Safer

The [SAFER] project

Welcome to the [SAFER] Project Research & Development Page!

[SAFER] is a system that combines a Network Attached Storage device and a Peer-to-peer backup service.

The following diagram shows what [SAFER] is all about in one big picture (read below for more explanations!)

What makes [SAFER] different? After all, there exists quite a number of NAS solutions, ranging from “professional” systems like Synology ™ or NetApp ™ to Open Source projects like FreeNAS, NAS4Free or OpenMediaVault, and P2P backup have been around for a while, with systems like Wuala, Storj, and many more. Besides, there exist a plethora of cloud-based backup solutions, and some of them are not so expensive: CrashPlan, BackBlaze, OVH, …

Well, the issue with all those systems and solutions is that for residential use… They still have issues!

Let’s try to list the most important of them:

  • Professional NAS solutions are very reliable, but that level of quality comes at a cost.
  • Open Source NAS Projects still require some expertise
  • P2P Backup systems are using lots of bandwidth resource
  • Cloud-based solutions require you to send them all your data, which results in privacy and safety concerns
  • On-line backup solutions often require one subscription per computer, or higher price for the whole household, and most of them do not accept NAS level backup
  • Online Backup solutions are often all or nothing (you restore all your data when you experience a crash)

Not all existing systems have all the previous issues, but none of them, to our knowledge, is exempt of all at once.
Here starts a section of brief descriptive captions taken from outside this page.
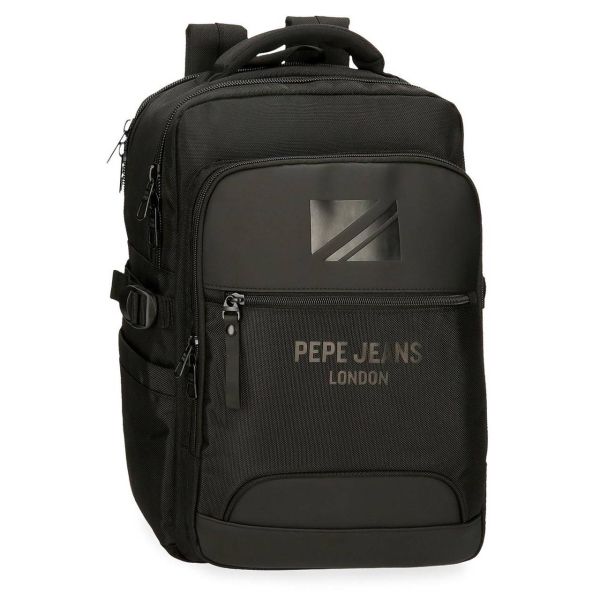 Ανδρικό Σακίδιο Πλάτης Pepe Jeans Bromley 7062441 Μάυρο – Laptop 15,6'', Θύρα USB, 2 Θήκες & Ανθεκτικότητα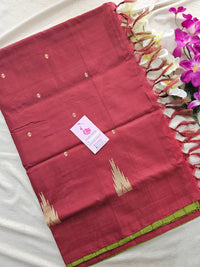 Green with Maroon Stripes Handwoven Chinnalampattu Saree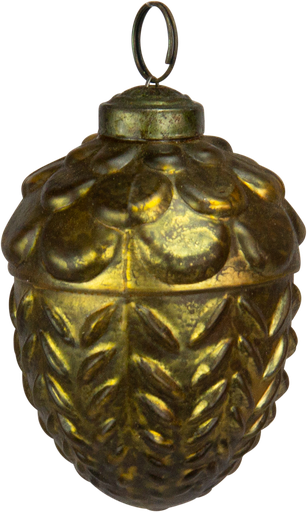 [23222W90] Kugel 6 cm Glas grün-gold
The lack of a perfect solution is therefore the motivation for this (yet another) new generation system. Our design goals are the following:

  • Low cost hardware (current target: under 100 euros per Tera-Byte of storage)
  • Low cost service (at least 10 times cheaper than cheapest cloud service)
  • User friendly (plug and play, no stupid question, zero-admin, operate with a TV remote)
  • Social friendly (share your resources and others will share with you for a free or reduced service cost)
  • Bandwidth friendly (network bandwidth consumption can be adjusted depending on time of day)
  • Bundle a NAS with a P2P backup (serves the needs of all the family household)
  • No single point of failure (backup data are spread on hundreds of peers, with lots of redundancy and strong incentive to stay on-line without interruption)
  • Preserve privacy (data are source crypted and spread on many peers, such that no one else can intercept them)
  • Multi-level backups (the NAS can be used for local backup of residential devices, and the backups can be backed up using P2P)
  • Virtually indestructible NAS (if your hardware device fails, it can easily be restored from the Peers, after replacing the failed parts)
  • Incremental backup (backup only the data that did not exist or where modified since the last backup)
  • Versioning (allows to navigate and retrieve backup in time, like Time Capsule ™)
  • Deduplication (Redundant copies of a file are detected and backed up only once)
  • Compression (Transparent compression of data such that more can be saved on disks)

Architecture

The [SAFER] NAS device

The NAS device is connected to the residential network, where it both acts as a network storage and a multimedia server.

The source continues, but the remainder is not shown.